▶ _Instructions to follow_
When you reach a picture, leave it out; output everything else in the records exactly.

▶ _Input material_

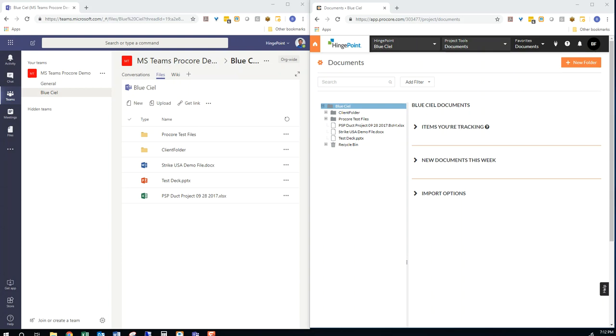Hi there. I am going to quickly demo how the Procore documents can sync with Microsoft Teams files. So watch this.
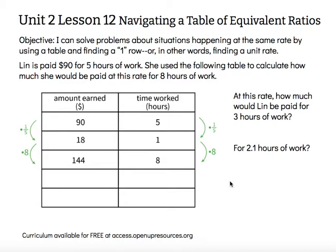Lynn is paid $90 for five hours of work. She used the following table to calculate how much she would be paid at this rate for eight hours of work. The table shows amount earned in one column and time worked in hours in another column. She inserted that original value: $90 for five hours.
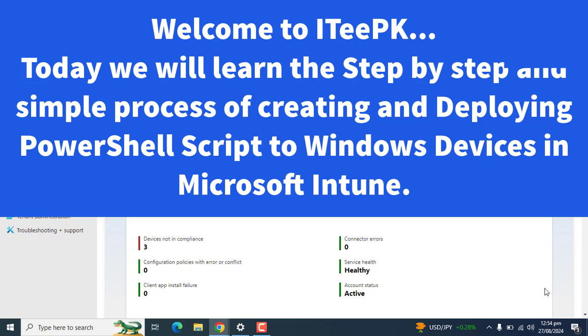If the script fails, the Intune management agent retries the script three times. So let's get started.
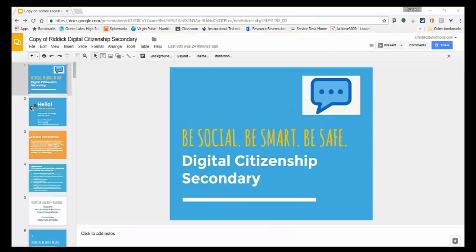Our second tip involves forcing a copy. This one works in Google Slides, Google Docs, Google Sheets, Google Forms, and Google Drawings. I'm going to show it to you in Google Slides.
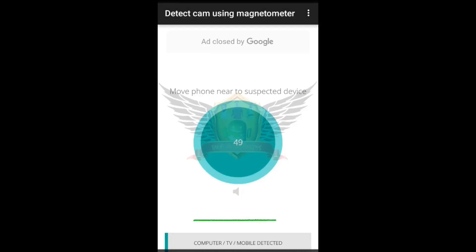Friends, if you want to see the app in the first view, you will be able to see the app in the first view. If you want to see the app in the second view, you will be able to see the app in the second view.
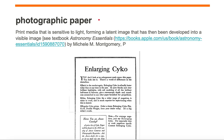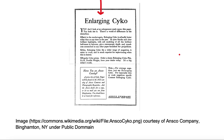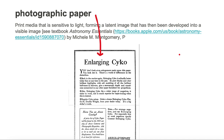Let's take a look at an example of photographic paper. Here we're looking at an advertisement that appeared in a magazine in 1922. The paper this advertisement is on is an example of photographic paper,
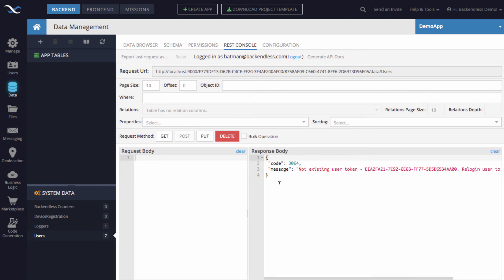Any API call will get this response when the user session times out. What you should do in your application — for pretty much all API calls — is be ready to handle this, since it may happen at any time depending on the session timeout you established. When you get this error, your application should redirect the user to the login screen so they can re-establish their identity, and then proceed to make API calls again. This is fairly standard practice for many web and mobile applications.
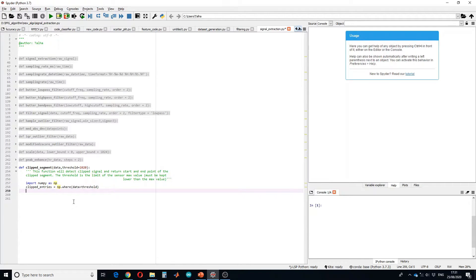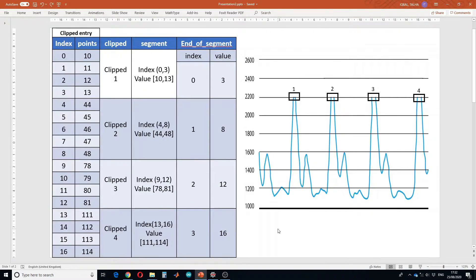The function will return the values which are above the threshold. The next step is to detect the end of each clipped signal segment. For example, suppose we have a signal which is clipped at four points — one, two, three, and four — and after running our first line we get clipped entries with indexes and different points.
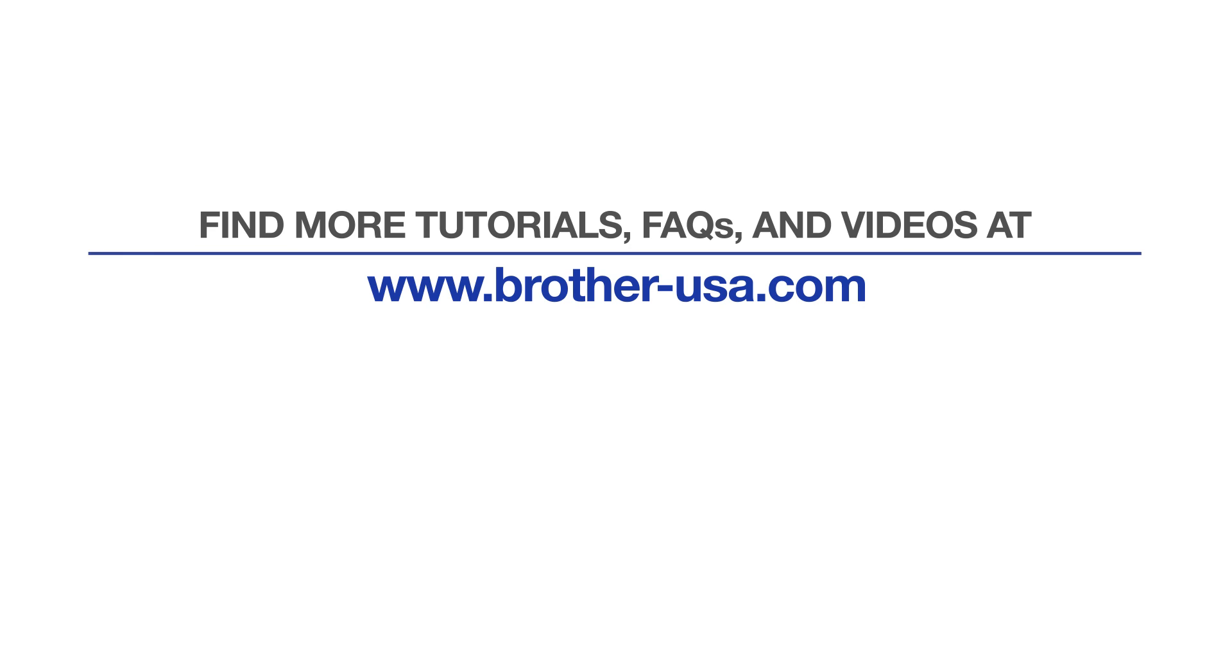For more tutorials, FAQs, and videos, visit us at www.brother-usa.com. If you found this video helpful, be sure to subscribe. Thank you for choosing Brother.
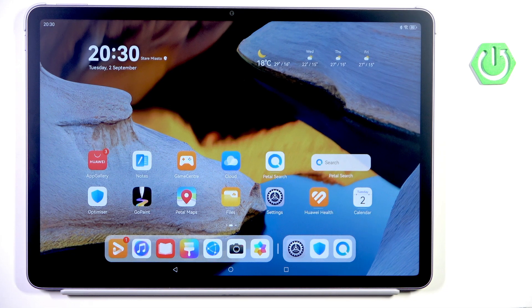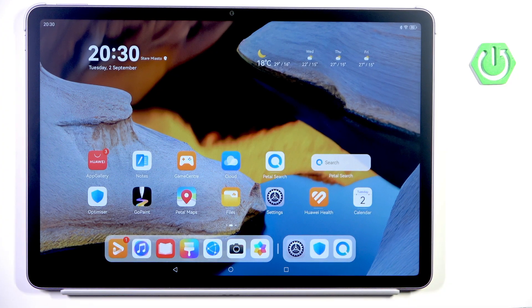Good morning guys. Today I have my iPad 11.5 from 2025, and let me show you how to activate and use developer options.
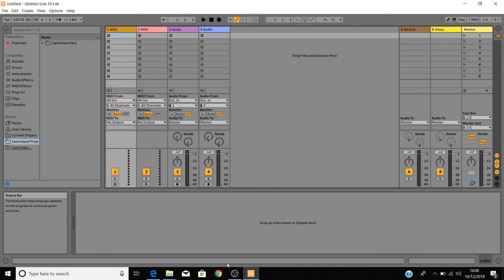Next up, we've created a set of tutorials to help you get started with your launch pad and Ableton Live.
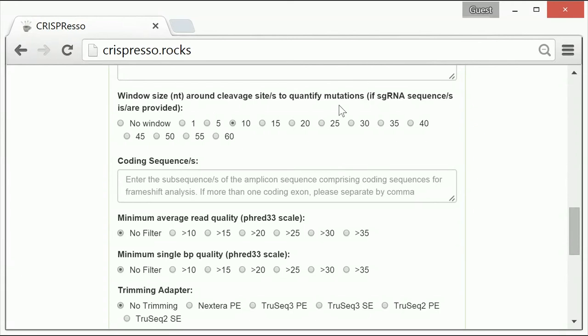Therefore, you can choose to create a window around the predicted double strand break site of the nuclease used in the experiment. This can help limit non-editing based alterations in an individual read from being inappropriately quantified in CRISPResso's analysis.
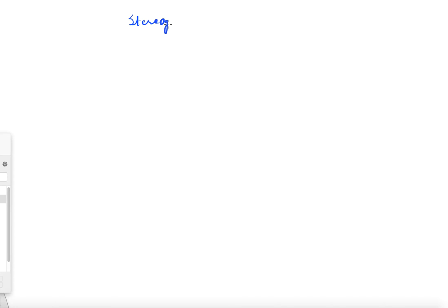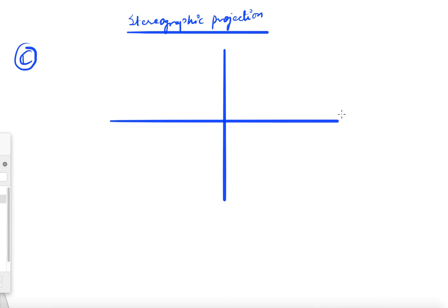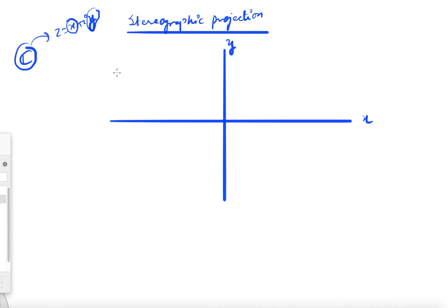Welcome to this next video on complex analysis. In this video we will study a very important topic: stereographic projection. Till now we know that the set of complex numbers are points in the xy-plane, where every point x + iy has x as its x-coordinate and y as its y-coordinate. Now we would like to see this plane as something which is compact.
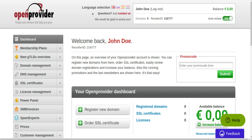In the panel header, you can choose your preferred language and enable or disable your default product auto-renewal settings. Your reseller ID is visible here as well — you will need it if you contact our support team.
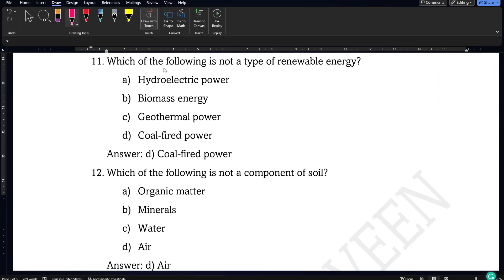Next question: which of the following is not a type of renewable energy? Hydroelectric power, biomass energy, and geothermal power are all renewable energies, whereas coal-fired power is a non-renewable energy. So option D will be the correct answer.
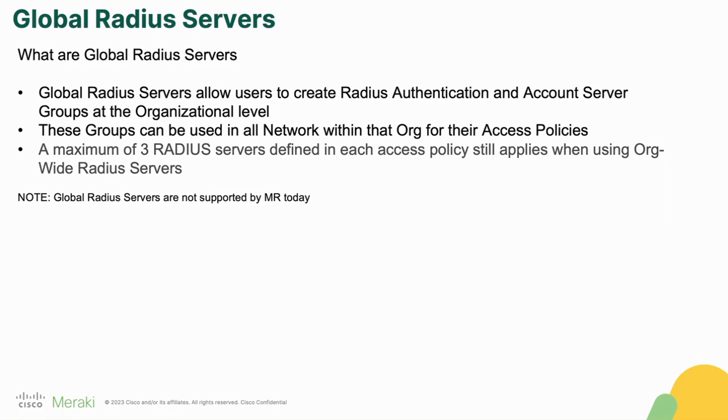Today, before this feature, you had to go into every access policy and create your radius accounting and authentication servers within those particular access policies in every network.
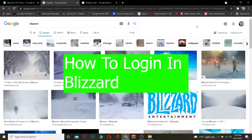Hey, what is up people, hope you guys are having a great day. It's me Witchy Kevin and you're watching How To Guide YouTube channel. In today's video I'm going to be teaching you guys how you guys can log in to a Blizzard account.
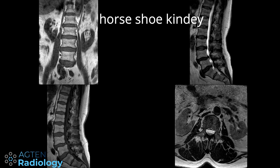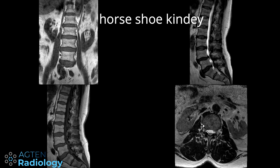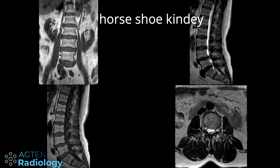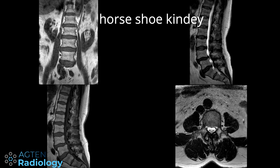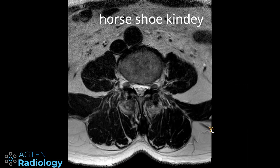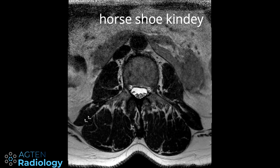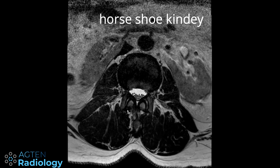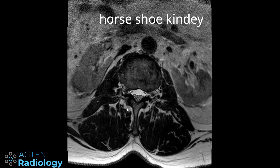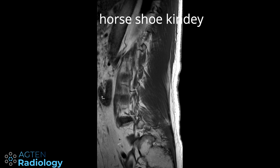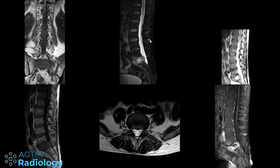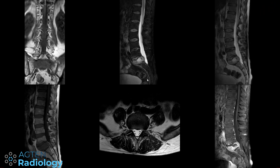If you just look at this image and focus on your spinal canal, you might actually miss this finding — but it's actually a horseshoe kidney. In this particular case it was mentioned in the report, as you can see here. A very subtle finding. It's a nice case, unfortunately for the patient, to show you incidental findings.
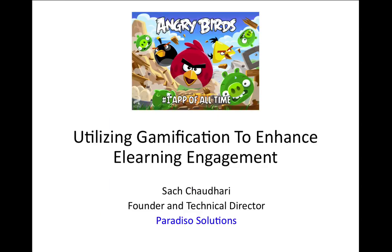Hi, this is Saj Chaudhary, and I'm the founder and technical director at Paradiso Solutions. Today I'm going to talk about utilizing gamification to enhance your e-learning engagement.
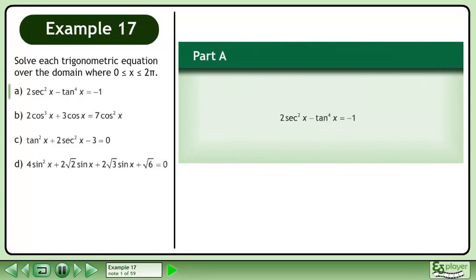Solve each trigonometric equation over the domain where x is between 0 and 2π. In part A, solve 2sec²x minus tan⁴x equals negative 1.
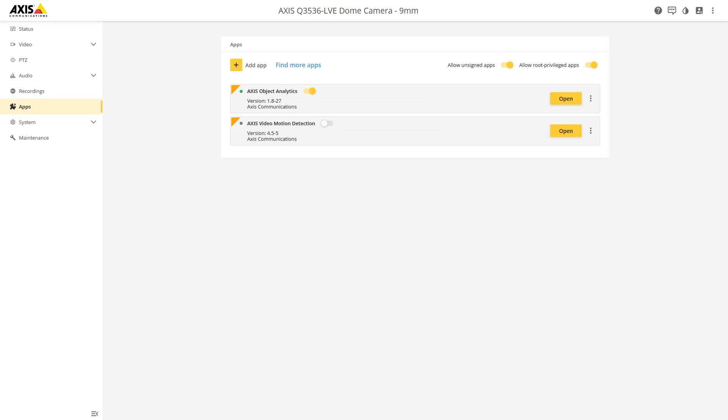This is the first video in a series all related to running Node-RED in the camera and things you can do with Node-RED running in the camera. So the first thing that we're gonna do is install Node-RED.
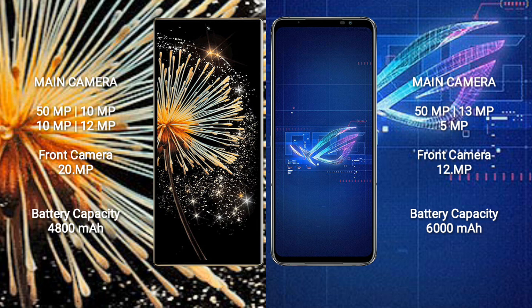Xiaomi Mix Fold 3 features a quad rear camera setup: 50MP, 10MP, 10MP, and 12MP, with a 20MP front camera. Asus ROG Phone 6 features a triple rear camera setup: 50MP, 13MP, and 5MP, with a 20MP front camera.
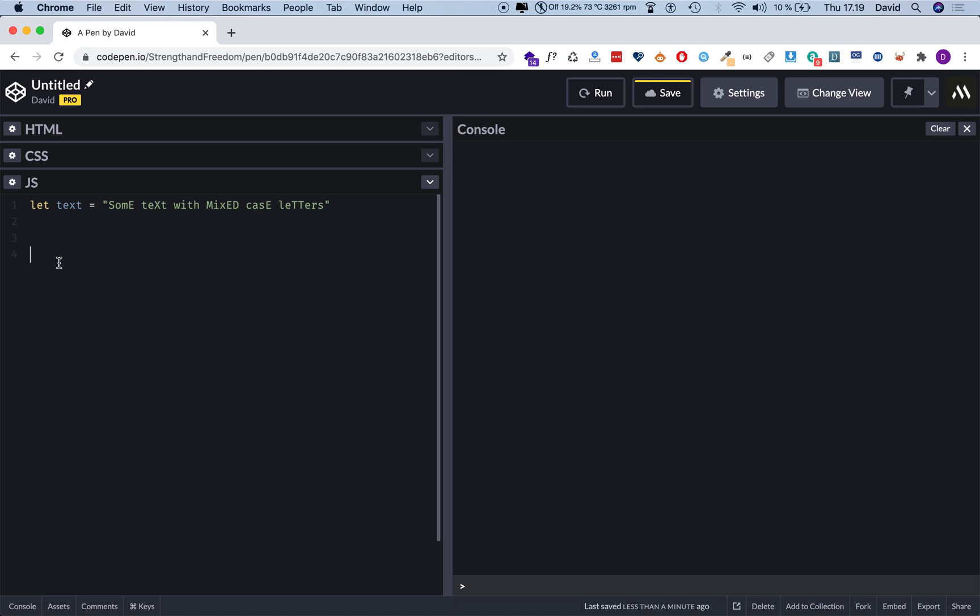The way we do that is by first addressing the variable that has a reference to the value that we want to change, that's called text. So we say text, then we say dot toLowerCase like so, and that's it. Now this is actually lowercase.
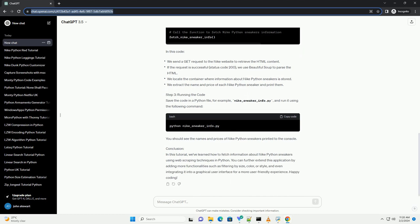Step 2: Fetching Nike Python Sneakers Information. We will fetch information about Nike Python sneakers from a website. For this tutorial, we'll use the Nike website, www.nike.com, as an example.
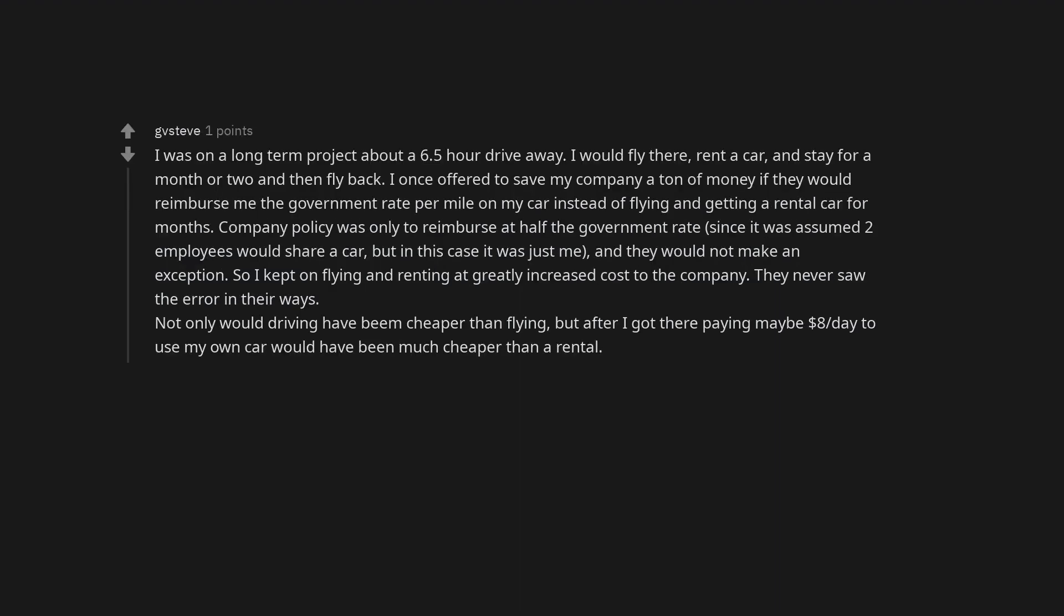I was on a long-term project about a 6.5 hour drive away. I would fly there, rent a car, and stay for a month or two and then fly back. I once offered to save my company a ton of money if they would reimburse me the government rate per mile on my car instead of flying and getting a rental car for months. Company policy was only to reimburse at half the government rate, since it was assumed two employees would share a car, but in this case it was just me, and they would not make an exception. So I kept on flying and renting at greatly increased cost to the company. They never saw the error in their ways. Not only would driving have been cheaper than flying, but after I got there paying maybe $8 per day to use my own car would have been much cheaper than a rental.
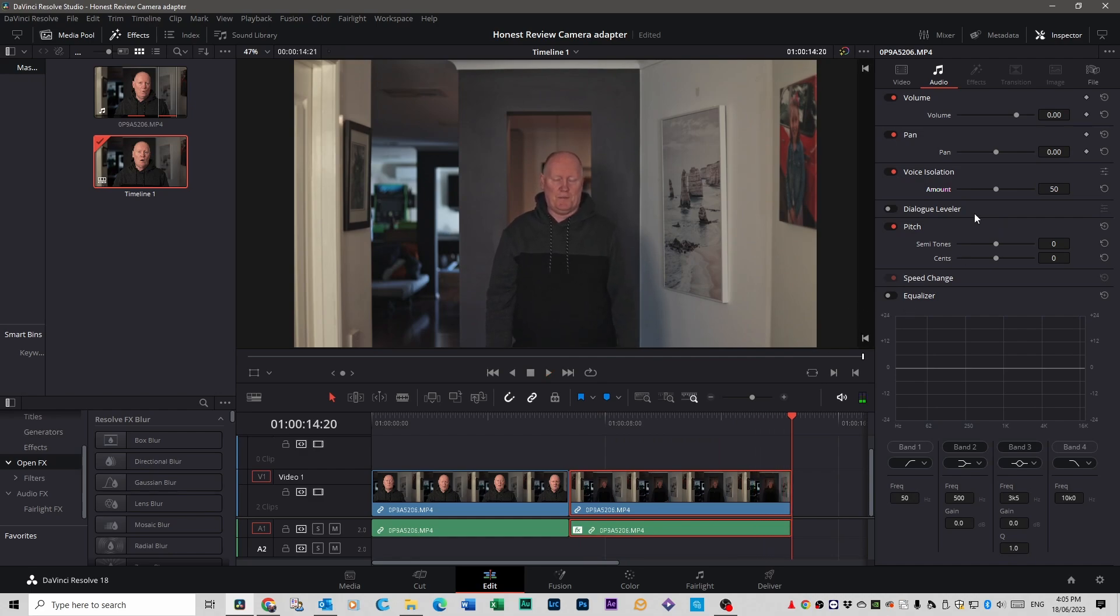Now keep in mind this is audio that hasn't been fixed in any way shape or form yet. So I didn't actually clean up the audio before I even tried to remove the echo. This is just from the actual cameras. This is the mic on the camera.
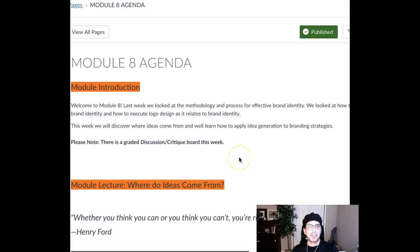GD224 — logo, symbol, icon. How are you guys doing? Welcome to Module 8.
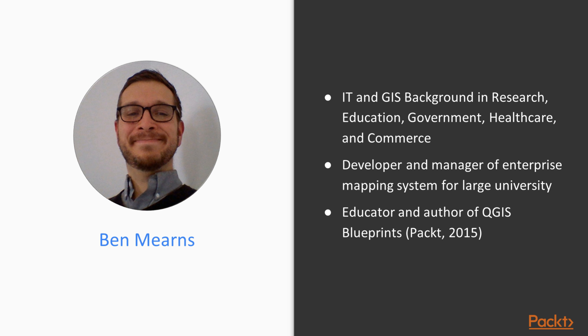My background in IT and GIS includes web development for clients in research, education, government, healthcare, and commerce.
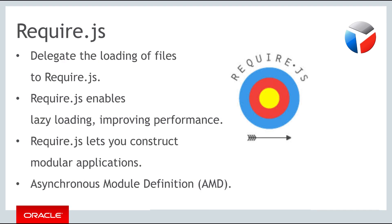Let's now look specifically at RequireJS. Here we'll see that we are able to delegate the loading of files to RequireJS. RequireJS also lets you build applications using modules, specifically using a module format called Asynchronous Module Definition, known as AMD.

▶ _Answer for the task_
Hi there. I am going to quickly demo how the Procore documents can sync with Microsoft Teams files. So watch this.
Lynn is paid $90 for five hours of work. She used the following table to calculate how much she would be paid at this rate for eight hours of work. The table shows amount earned in one column and time worked in hours in another column. She inserted that original value: $90 for five hours.
If the script fails, the Intune management agent retries the script three times. So let's get started.
Our second tip involves forcing a copy. This one works in Google Slides, Google Docs, Google Sheets, Google Forms, and Google Drawings. I'm going to show it to you in Google Slides.
Friends, if you want to see the app in the first view, you will be able to see the app in the first view. If you want to see the app in the second view, you will be able to see the app in the second view.
Let's take a look at an example of photographic paper. Here we're looking at an advertisement that appeared in a magazine in 1922. The paper this advertisement is on is an example of photographic paper,
Any API call will get this response when the user session times out. What you should do in your application — for pretty much all API calls — is be ready to handle this, since it may happen at any time depending on the session timeout you established. When you get this error, your application should redirect the user to the login screen so they can re-establish their identity, and then proceed to make API calls again. This is fairly standard practice for many web and mobile applications.
The function will return the values which are above the threshold. The next step is to detect the end of each clipped signal segment. For example, suppose we have a signal which is clipped at four points — one, two, three, and four — and after running our first line we get clipped entries with indexes and different points.
For more tutorials, FAQs, and videos, visit us at www.brother-usa.com. If you found this video helpful, be sure to subscribe. Thank you for choosing Brother.
Good morning guys. Today I have my iPad 11.5 from 2025, and let me show you how to activate and use developer options.
Next up, we've created a set of tutorials to help you get started with your launch pad and Ableton Live.
Therefore, you can choose to create a window around the predicted double strand break site of the nuclease used in the experiment. This can help limit non-editing based alterations in an individual read from being inappropriately quantified in CRISPResso's analysis.
Welcome to this next video on complex analysis. In this video we will study a very important topic: stereographic projection. Till now we know that the set of complex numbers are points in the xy-plane, where every point x + iy has x as its x-coordinate and y as its y-coordinate. Now we would like to see this plane as something which is compact.
In the panel header, you can choose your preferred language and enable or disable your default product auto-renewal settings. Your reseller ID is visible here as well — you will need it if you contact our support team.
Next question: which of the following is not a type of renewable energy? Hydroelectric power, biomass energy, and geothermal power are all renewable energies, whereas coal-fired power is a non-renewable energy. So option D will be the correct answer.
Today, before this feature, you had to go into every access policy and create your radius accounting and authentication servers within those particular access policies in every network.
Hey, what is up people, hope you guys are having a great day. It's me Witchy Kevin and you're watching How To Guide YouTube channel. In today's video I'm going to be teaching you guys how you guys can log in to a Blizzard account.
If you just look at this image and focus on your spinal canal, you might actually miss this finding — but it's actually a horseshoe kidney. In this particular case it was mentioned in the report, as you can see here. A very subtle finding. It's a nice case, unfortunately for the patient, to show you incidental findings.
Hi, this is Saj Chaudhary, and I'm the founder and technical director at Paradiso Solutions. Today I'm going to talk about utilizing gamification to enhance your e-learning engagement.
Solve each trigonometric equation over the domain where x is between 0 and 2π. In part A, solve 2sec²x minus tan⁴x equals negative 1.
This is the first video in a series all related to running Node-RED in the camera and things you can do with Node-RED running in the camera. So the first thing that we're gonna do is install Node-RED.
Xiaomi Mix Fold 3 features a quad rear camera setup: 50MP, 10MP, 10MP, and 12MP, with a 20MP front camera. Asus ROG Phone 6 features a triple rear camera setup: 50MP, 13MP, and 5MP, with a 20MP front camera.
The way we do that is by first addressing the variable that has a reference to the value that we want to change, that's called text. So we say text, then we say dot toLowerCase like so, and that's it. Now this is actually lowercase.
Step 2: Fetching Nike Python Sneakers Information. We will fetch information about Nike Python sneakers from a website. For this tutorial, we'll use the Nike website, www.nike.com, as an example.
I was on a long-term project about a 6.5 hour drive away. I would fly there, rent a car, and stay for a month or two and then fly back. I once offered to save my company a ton of money if they would reimburse me the government rate per mile on my car instead of flying and getting a rental car for months. Company policy was only to reimburse at half the government rate, since it was assumed two employees would share a car, but in this case it was just me, and they would not make an exception. So I kept on flying and renting at greatly increased cost to the company. They never saw the error in their ways. Not only would driving have been cheaper than flying, but after I got there paying maybe $8 per day to use my own car would have been much cheaper than a rental.
Now keep in mind this is audio that hasn't been fixed in any way shape or form yet. So I didn't actually clean up the audio before I even tried to remove the echo. This is just from the actual cameras. This is the mic on the camera.
GD224 — logo, symbol, icon. How are you guys doing? Welcome to Module 8.
My background in IT and GIS includes web development for clients in research, education, government, healthcare, and commerce.
Let's now look specifically at RequireJS. Here we'll see that we are able to delegate the loading of files to RequireJS. RequireJS also lets you build applications using modules, specifically using a module format called Asynchronous Module Definition, known as AMD.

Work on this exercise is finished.